Wanneer aanvankelijk te weinig belasting is geheven kan de belastingdienst dat corrigeren door het opleggen van een navorderingsaanslag, mits zij over een nieuw feit beschikt dat navordering rechtvaardigt. Een nieuw feit is een feit dat de inspecteur ten tijde van het opleggen van de primitieve aanslag niet bekend was en ook redelijkerwijs niet bekend kon zijn. Los van het bestaan van een nieuw feit mag de inspecteur navorderen als de belastingplichtige te kwader trouw is. Dat doet zich voor als de belastingplichtige opzettelijk onjuiste gegevens in zijn aangifte opneemt of als hij de inspecteur opzettelijk niet de juiste gegevens verstrekt.

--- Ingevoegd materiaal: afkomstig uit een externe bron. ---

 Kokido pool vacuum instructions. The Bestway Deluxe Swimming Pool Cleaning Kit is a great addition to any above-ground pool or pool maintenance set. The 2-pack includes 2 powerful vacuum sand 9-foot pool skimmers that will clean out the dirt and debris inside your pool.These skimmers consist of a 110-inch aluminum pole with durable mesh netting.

De inspecteur bracht bij de behandeling van iemands aangifte inkomstenbelasting over 1997 correcties aan in het bedrag aan rente en kosten van leningen voor de eigen woning. In de aangiften voor de jaren 1999 tot en met 2002 werd bij het bedrag aan rente van de eigen woning geen rekening gehouden met de in 1997 aangebrachte correcties. De aanslagen voor deze jaren werden telkens conform de aangiften opgelegd. Na ontdekking van de fout legde de inspecteur navorderingsaanslagen op met boetes.
Volgens Hof Den Bosch had de inspecteur al bij het opleggen van de primitieve aanslag de geclaimde renteaftrek kunnen en moeten verifiëren. Er was geen sprake van een nieuw feit. De inspecteur mag bij het vaststellen van een aanslag in de inkomstenbelasting uitgaan van de juistheid van de gegevens die een belastingplichtige in zijn aangifte heeft vermeld. De inspecteur hoeft alleen in bijzondere gevallen een nader onderzoek in te stellen.
Volgens de Hoge Raad deed zich een dergelijk bijzonder geval hier voor. In het licht van de gemaakte afspraak over de aftrekbare rente in het jaar 1997 had de aanmerkelijke stijging van de in 1999 in aftrek gebrachte rente aanleiding moeten vormen om te twijfelen aan de juistheid van de aangifte over 1999. Dat betekende dat het hof terecht van oordeel was dat de inspecteur niet over een nieuw feit beschikte en dus niet mocht navorderen.